Caption-style text data >>
=== Begin Enclosure ===
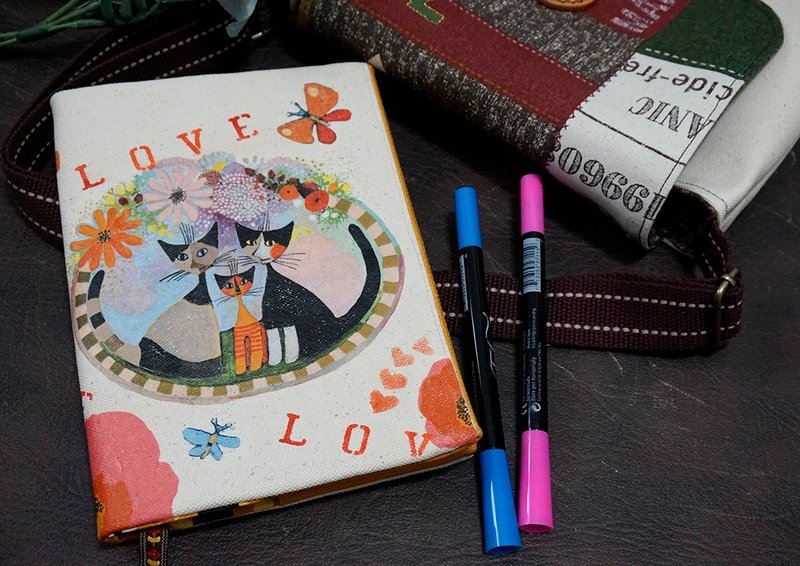 LOVE 貓咪蝴蝶手帳本日記本記事本畫圖本 - 筆記本/手帳 - 紙 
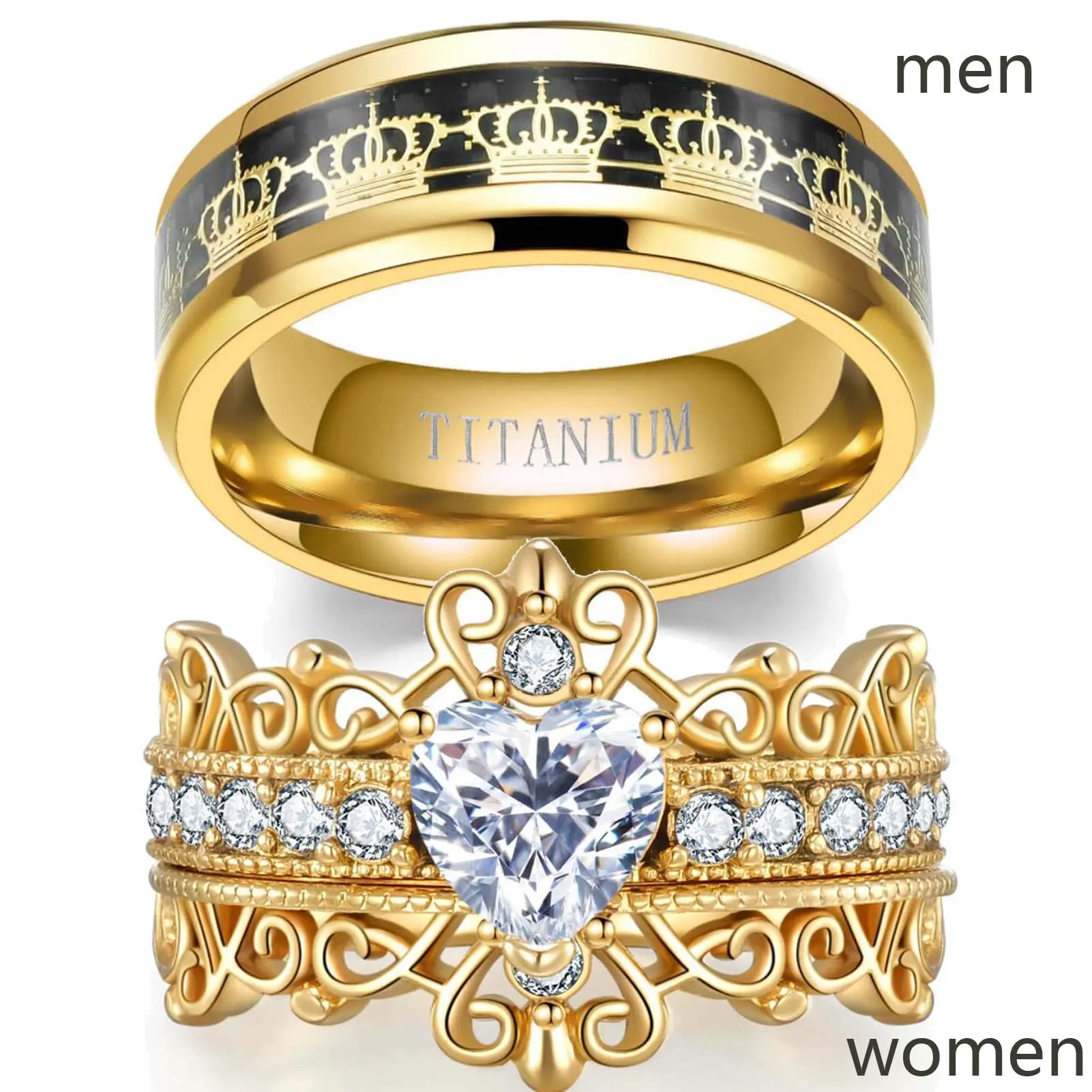 Ringcrown Couple Rings Crown Matching Rings Heart Cut 1.5ct CZ Yellow Gold Plated Women Wedding Ring Sets For Him And Her Ring Sets Men Titanium Steel Wedding Band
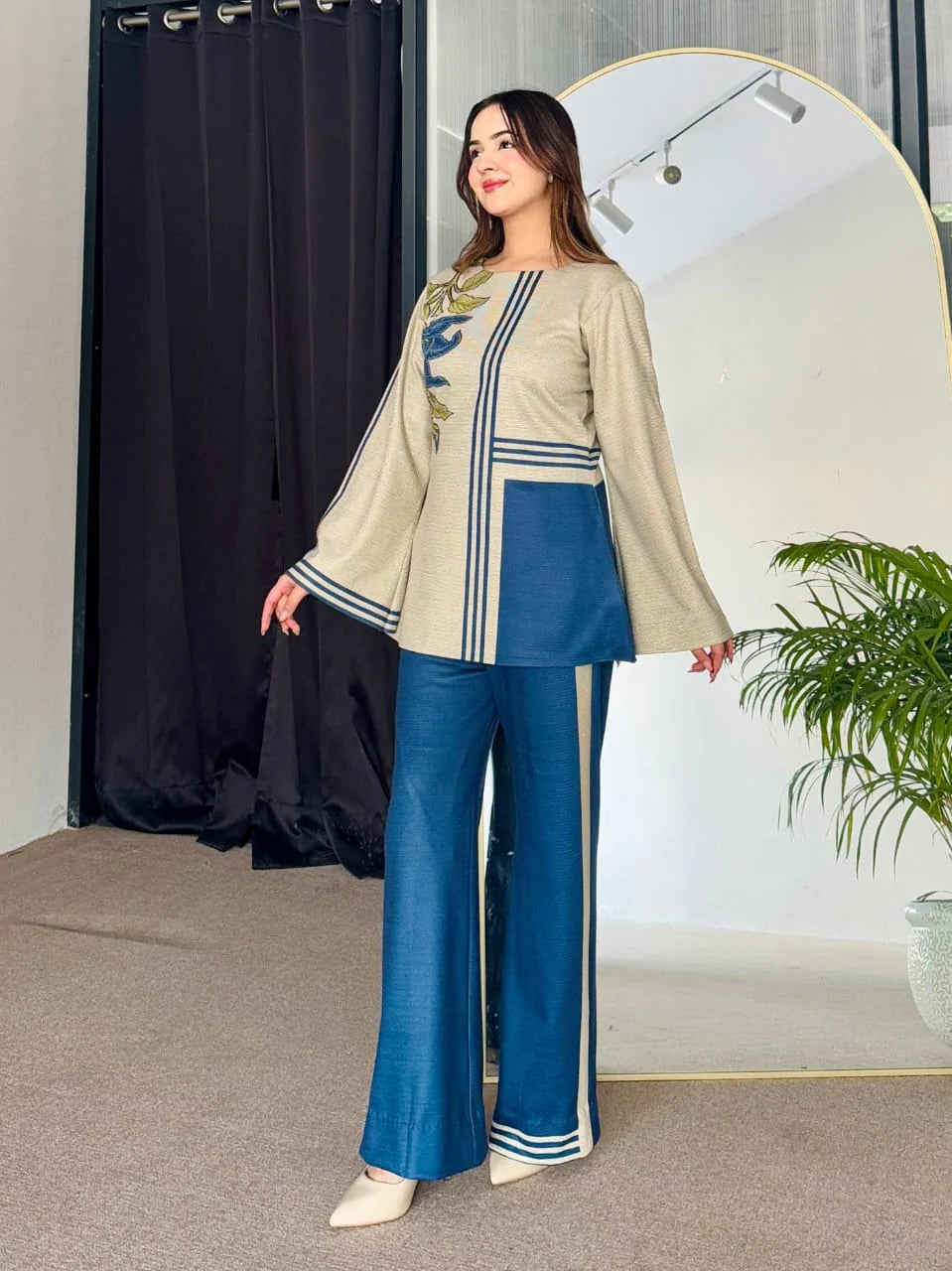 Boat neck shirt with applique floral motif in premium Korean silk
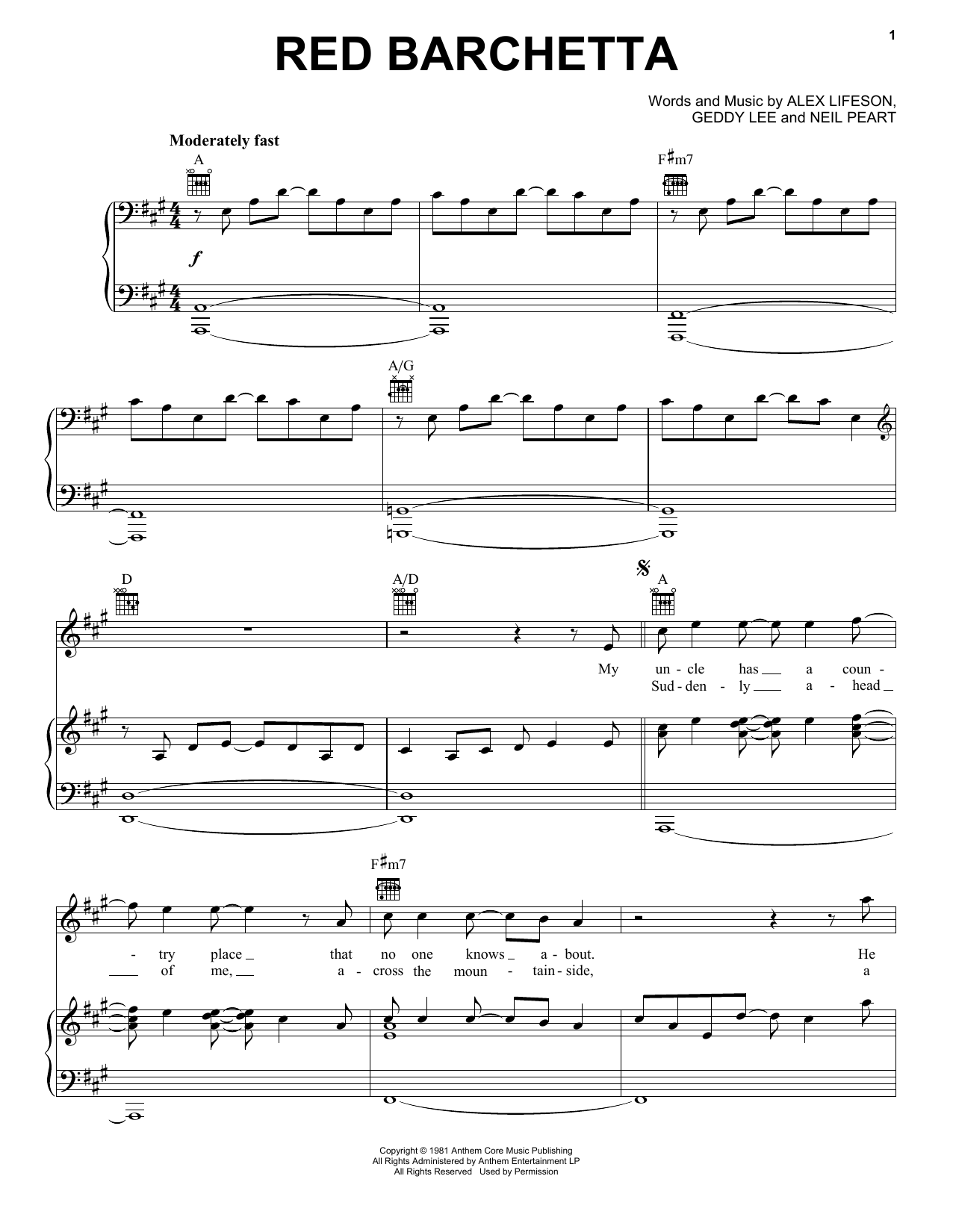 Produktgalerie: Seite 1 von 1 Red Barchetta, Rush, Gesang, Gitarre, Klavier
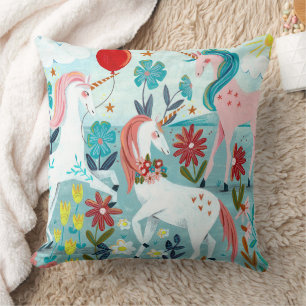 Coussin Licorne jolies filles arc-en-ciel
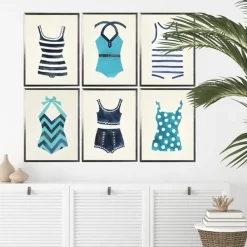 Framed Art-Kirkland's Home Bathing Suits I Framed Art Prints, Set Of 6 Blue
=== End Enclosure ===
WHAT YOU HAVE TO DO >> Retype the entries above exactly. Stop after the line containing "Boat neck shirt", and omit the pictures.

SOLUTION TO THE PROBLEM >>
 LOVE 貓咪蝴蝶手帳本日記本記事本畫圖本 - 筆記本/手帳 - 紙 
 Ringcrown Couple Rings Crown Matching Rings Heart Cut 1.5ct CZ Yellow Gold Plated Women Wedding Ring Sets For Him And Her Ring Sets Men Titanium Steel Wedding Band
 Boat neck shirt with applique floral motif in premium Korean silk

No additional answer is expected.